Mas "alguma coisa aconteceu". E eu queria saber o que era. Queria saber qual o rumo que essa história sem graça iria tomar. Quais eram os reais planos de Jacobs. Então chegamos à "grande" revelação. Naquele que foi considerado por muitos "o final mais assustador já escrito pelo mestre". De fato, foi bem assustador. É assustador o fato de que nem quando o Steve vivia louco nas drogas escreveria um final tão viajado. Era tanta viajada, no pior sentido da palavra, que só me fez ficar de queixo caído, me sentindo a maior otária do mundo por ler algo tão absurdo e ridículo quanto isso. Rose Madder já havia me incomodado com tanta fantasia sobrenatural escrita de maneira pouco crível e bagunçada. Mas aqui foi pura ofensa. Formigas?! Sério?!? Mano! Eu demorei esse tempo todo para isso? Para o final mais niilista e enfadonho que já li desse cara. Era para eu me importar com o que aconteceu a esses personagens? Era para eu sentir pena de alguém? Era para eu me importar com a primeira vez de Jamie com a Astrid que ele insiste em falar o tempo todo?
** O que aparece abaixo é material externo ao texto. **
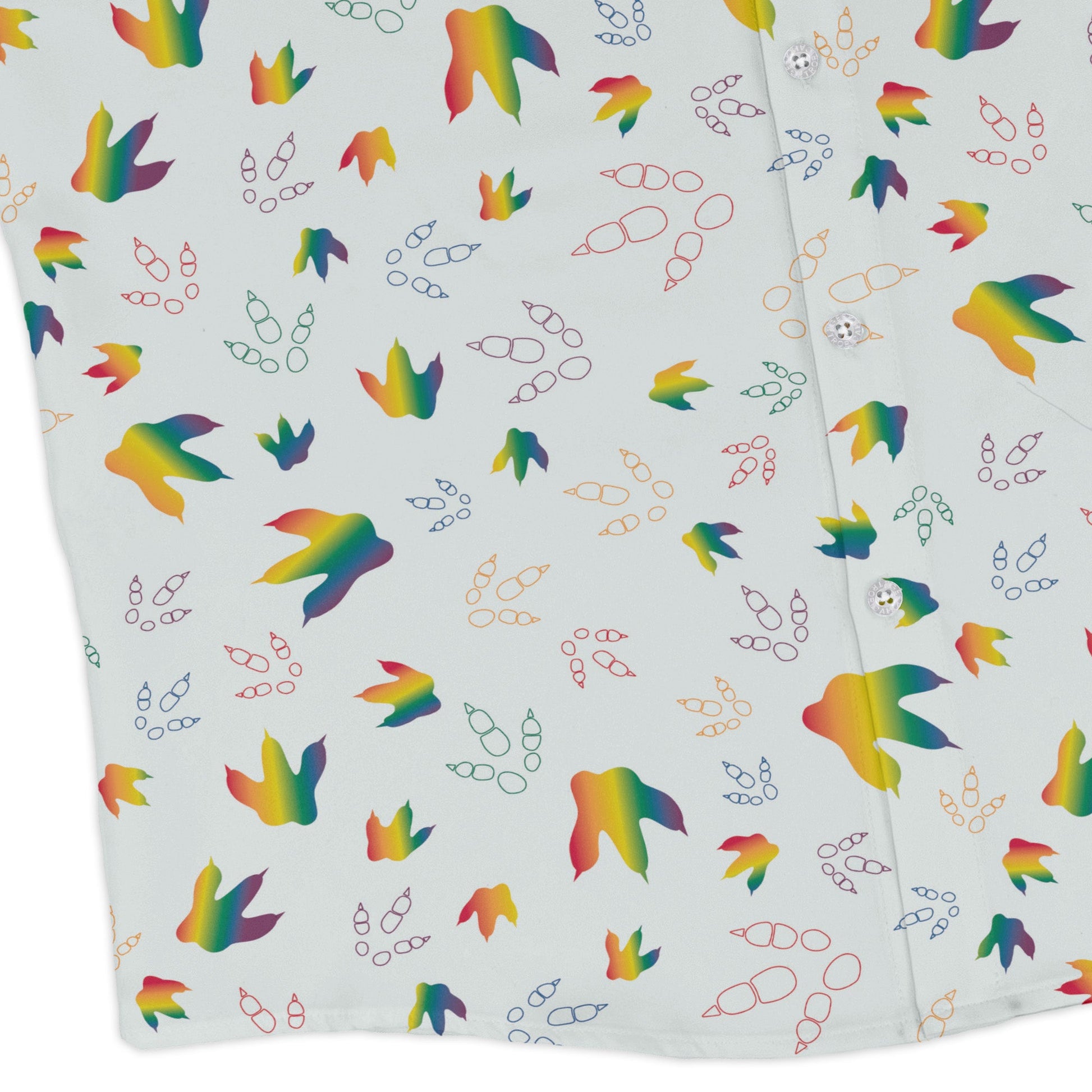 Dinosaur Footprints Rainbow Long Sleeve Button Up Shirt Geek Nerd adult sizing dinosaur print FLOW DESC WRITING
Cara, a minha primeira vez foi muito mais memorável (por falta de palavra melhor) que a sua, e eu não penso nela com tanta frequência. Qual o sentido disso tudo? Qual é exatamente a ligação entre isso e a "eletricidade secreta"? Eletricidade que era a menina dos olhos de Jacobs, mas que sabemos muito pouco sobre, já que Jamie também sabe pouco sobre ela.
Não preciso dizer que Revival foi pura decepção. Começou de maneira tão promissora, saiu dos trilhos em menos da metade do livro e descarrilhou completamente em seu final, que apenas posso definir como patético. Se nunca leu SK, faça um favor a si mesmo e pule esse engodo.